The reasons are explained below.
I. Background
EL's Transphus line of anti-aging skin care cosmetic products contain an underlying formulation that produce what is described as "Botox-like effects." The record evidence is that in 2003, EL contracted with a formulator to develop this formulation, and in 2004 contracted with manufacturers to test the formulation for safety and efficacy and to manufacture the products. EL started commercially selling the products in September 2005, and added two more products made using the same formula in November 2006. Nordstrom began selling EL's products in different retail stores beginning in 2011.

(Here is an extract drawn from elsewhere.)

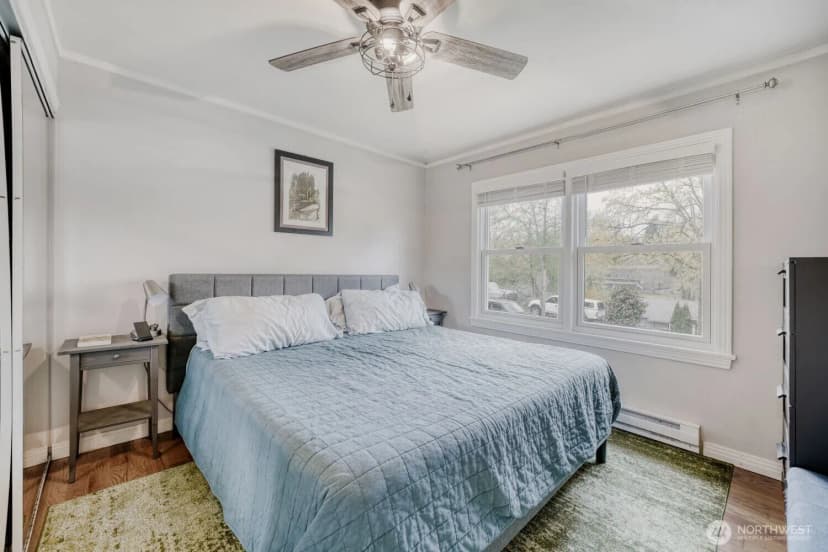 Property photo for 7243 S 125th Street, Seattle photo 19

Belfer holds U.S. Patent Nos. 7,566,464 and 8,025,907, entitled "Cosmetic Composition to Accelerated Repair of Functional Wrinkles." Belfer alleges that EL's Transphuse products infringe these patents. As noted, Belfer does not currently, make, sell, or offer to sell any cosmetic products covered by the patents, nor has it done so recently. Belfer filed for the '464 patent in August 2006, based on a provisional application filed in September 2005; the '464 patent issued in July 2009. Belfer filed for the '907 patent, based on the same provisional application, in July 2009; the patent issued in September 2011.
EL asserts that Belfer's claims are barred by 35 U.S.C. § 273(a) because EL sold Transphuse in good faith at least one year before the patents were filed or disclosed to the public. EL also asserts noninfringement and anticipation by prior art.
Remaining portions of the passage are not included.